Korenlei, Ghent, Belgium
Inspired by a building on the Korenlei in Ghent, Piet Van embarked on a unique art project centered around the theme of birds, enhanced by accompanying sounds. Painting large canvases, he positioned them within the building's expansive windows, allowing passersby to catch glimpses of the vibrant artworks while immersing themselves in the accompanying auditory experience.
Building upon this concept, Piet Van envisioned creating tapestries for a monastery, envisioning a grand space adorned with four distinct carpets. The initial idea revolved around a tapestry depicting a hundred stuffed birds, symbolizing their attempts to escape from the darkness represented by black pitch. Among these birds, the focal point would be an eight-foot swan. Each bird or section would contain a sensor that would emit sounds from Alfred Hitchcock's movie 'The Birds' when triggered by someone passing by. This interplay between visual and auditory elements aimed to create a dynamic and immersive experience for remote spectators, as the sounds seemingly traveled alongside them.

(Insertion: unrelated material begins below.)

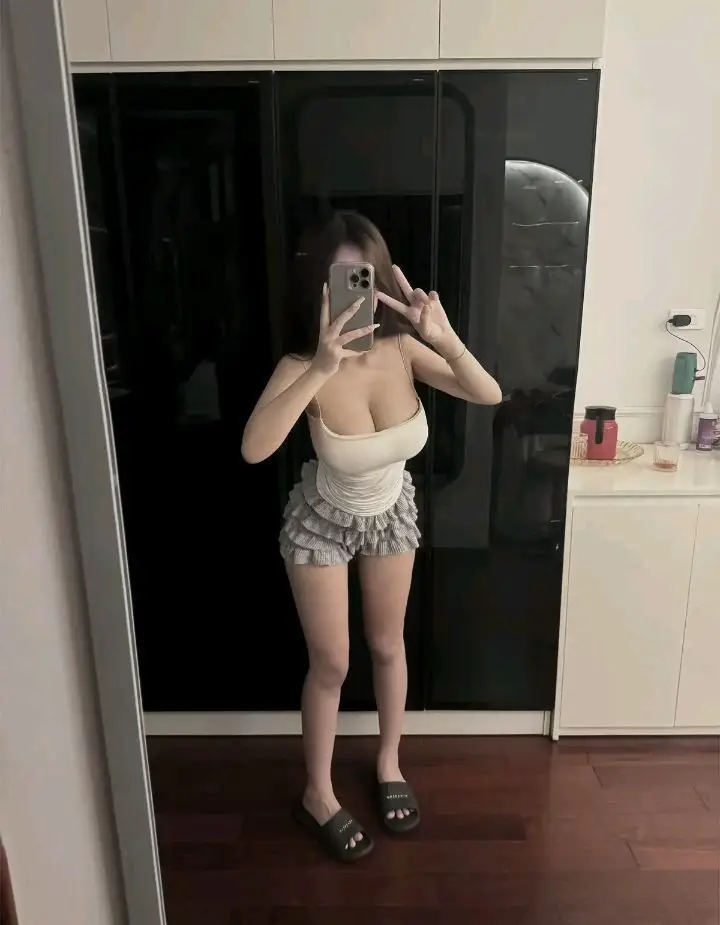 Ảnh Gái Xinh Khoe Body: Tự Tin Nổi Bật Trong Mọi Khung Hình 26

Additionally, Piet Van had conceived plans for a fish carpet, with tons of fish scattered atop real crushed ice. His exploration of sustainability in preserving real fish ultimately led him to develop his patented invention for tanning fish leather.
Although circumstances prevented the realization of the tapestry project, the pencil drawings and sculptures created during this period serve as valuable study works, reflecting the artist's preparation and exploration for a potential future project. These works offer glimpses into Piet Van's creative process and the imaginative possibilities he envisioned for his art.